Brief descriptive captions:
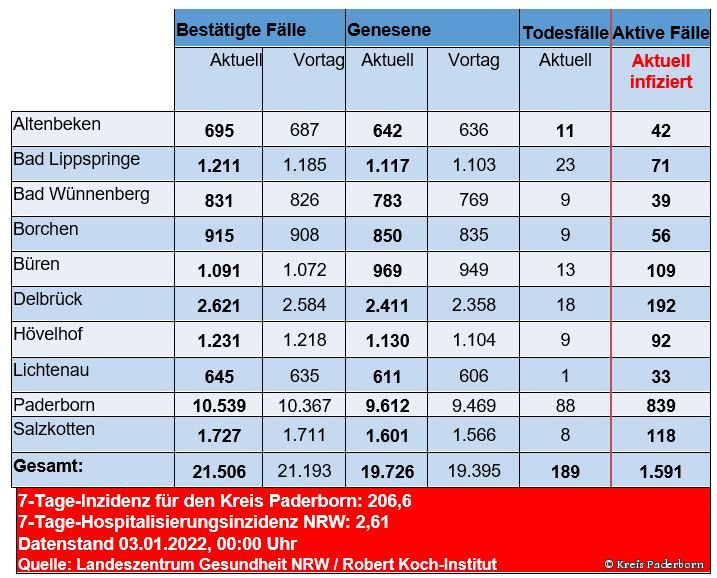 Grafiktabelle der bestätigten Fälle, der Todesfälle, der Genesenen und der aktiven Fälle eingeteilt in Städten und Gemeinden des Kreises Paderborn © Kreis Paderborn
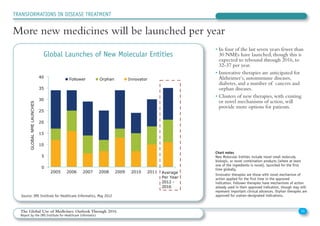 • In four of the last seven years fewer than
30 NMEs have launched, though this is
expected to rebound through 2016, to
32-37 per year.
• Innovative therapies are anticipated for
Alzheimer’s, autoimmune diseases,
diabetes, and a number of cancers and
orphan diseases.
• Clusters of new therapies, with existing
or novel mechanisms of action, will
provide more options for patients.
Global Launches of New Molecular Entities
Source: IMS Institute for Healthcare Informatics, May 2012
Chart notes
New Molecular Entities include novel small molecule,
biologic, or novel combination products (where at least
one of the ingredients is novel), launched for the first
time globally.
Innovator therapies are those with novel mechanism of
action applied for the first time in the approved
indication. Follower therapies have mechanisms of action
already used in their approved indication, though may still
represent important clinical advances. Orphan therapies are
approved for orphan-designated indications.
14The Global Use of Medicines: Outlook Through 2016
Report by the IMS Institute for Healthcare Informatics
TRANSFORMATIONS IN DISEASE TREATMENT
More new medicines will be launched per yearMore new medicines will be launched per year than historically
0
5
10
15
20
25
30
35
40
2005 2006 2007 2008 2009 2010 2011 Average
Per Year
2012 -
2016
Follower Orphan Innovator
GLOBALNMELAUNCHES
 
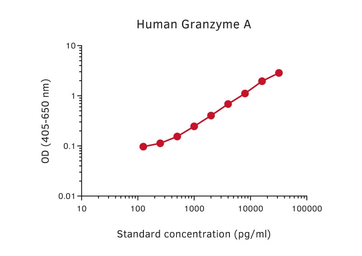 Anti-Granzyme A antibody [GA29] used in ELISA (ELISA). GTX02922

| WHAT TO PRODUCE |
Repeat each line above exactly as it reads, omitting any pictures.

| COMPLETED EXERCISE |
 Grafiktabelle der bestätigten Fälle, der Todesfälle, der Genesenen und der aktiven Fälle eingeteilt in Städten und Gemeinden des Kreises Paderborn © Kreis Paderborn
 • In four of the last seven years fewer than
30 NMEs have launched, though this is
expected to rebound through 2016, to
32-37 per year.
• Innovative therapies are anticipated for
Alzheimer’s, autoimmune diseases,
diabetes, and a number of cancers and
orphan diseases.
• Clusters of new therapies, with existing
or novel mechanisms of action, will
provide more options for patients.
Global Launches of New Molecular Entities
Source: IMS Institute for Healthcare Informatics, May 2012
Chart notes
New Molecular Entities include novel small molecule,
biologic, or novel combination products (where at least
one of the ingredients is novel), launched for the first
time globally.
Innovator therapies are those with novel mechanism of
action applied for the first time in the approved
indication. Follower therapies have mechanisms of action
already used in their approved indication, though may still
represent important clinical advances. Orphan therapies are
approved for orphan-designated indications.
14The Global Use of Medicines: Outlook Through 2016
Report by the IMS Institute for Healthcare Informatics
TRANSFORMATIONS IN DISEASE TREATMENT
More new medicines will be launched per yearMore new medicines will be launched per year than historically
0
5
10
15
20
25
30
35
40
2005 2006 2007 2008 2009 2010 2011 Average
Per Year
2012 -
2016
Follower Orphan Innovator
GLOBALNMELAUNCHES
 
 Anti-Granzyme A antibody [GA29] used in ELISA (ELISA). GTX02922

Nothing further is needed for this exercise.